Me gustaba nuestro piso de Alcorcón. Mis padres pagaron por él 185.000 pesetas. Era un piso pequeño, un cuarto sin ascensor con tres habitaciones y apenas 60 metros cuadrados, pero en aquella época lindaba con los campos de cultivo, y desde nuestra terraza se veían los trigales y los campos de cebada. Cuando fuimos allí a vivir no había farolas en las calles y como éstas estaban sin asfaltar en cuanto llovía un poco todo se llenaba de barro. Justo bajo nuestra terraza, en la calle Cerrajón se formaba un gran charco que durante los meses de primavera se llenaba de ranas salidas de no se sabe dónde.

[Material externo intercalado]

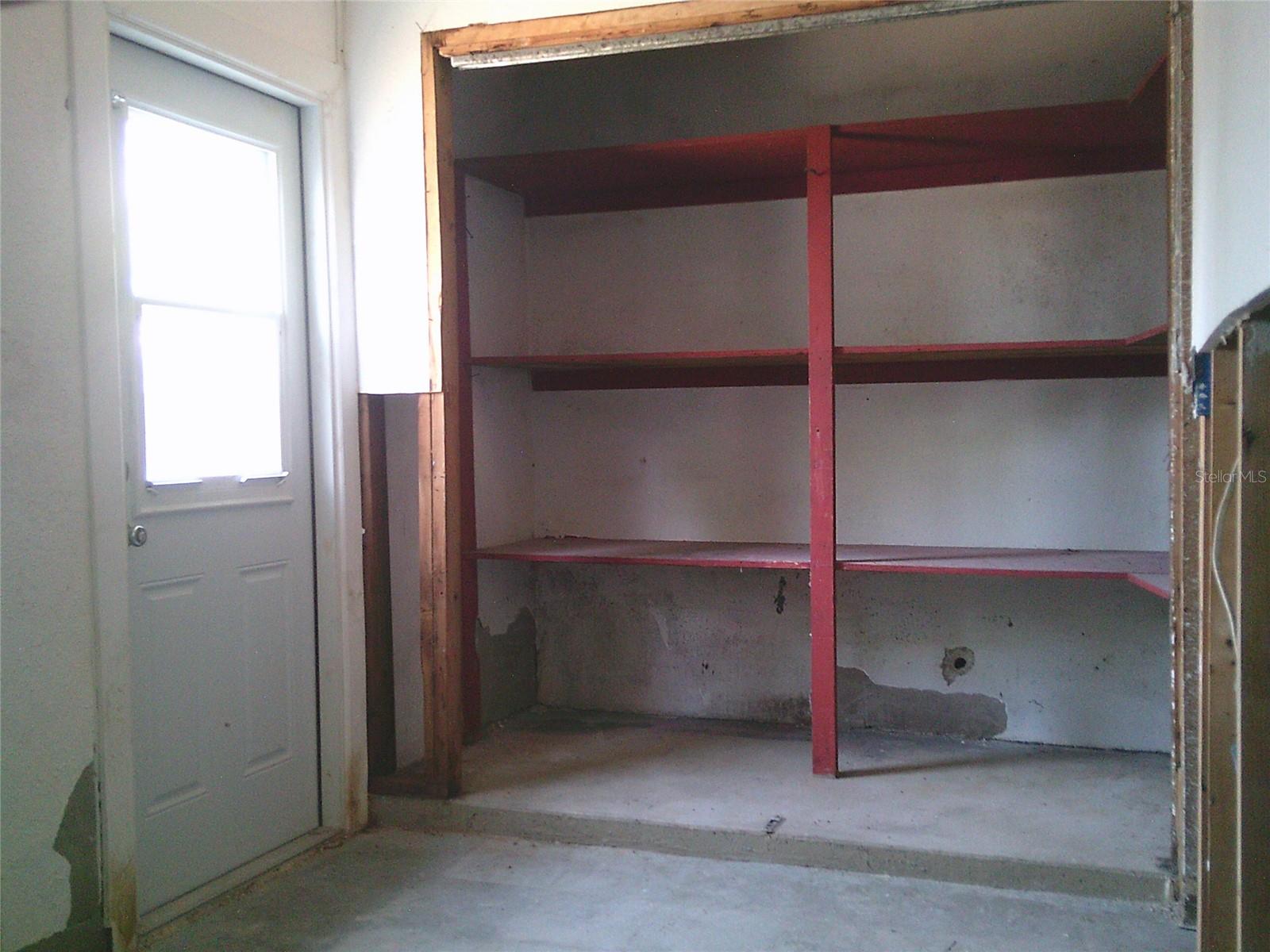 Image 19 of 25 For 212 Driftwood Place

Tanto la terraza como la ventana de mi habitación daban hacia el oeste. Quizás por eso me gusten tanto las puestas de sol: me acostumbré a ver cómo se ocultaba cada día tras las montañas que se recortaban al horizonte.
Por desgracia Alcorcón fue creciendo y todo fue cambiando. Han construido casas y más casas, y el charco de las ranas es ahora una calle perfectamente asfaltada y llena de plazas de aparcamiento. Los campos de cultivo son ahora urbanizaciones. No queda nada de todo aquello. Sólo un montón de buenos recuerdos que iré compartiendo aquí poco a poco.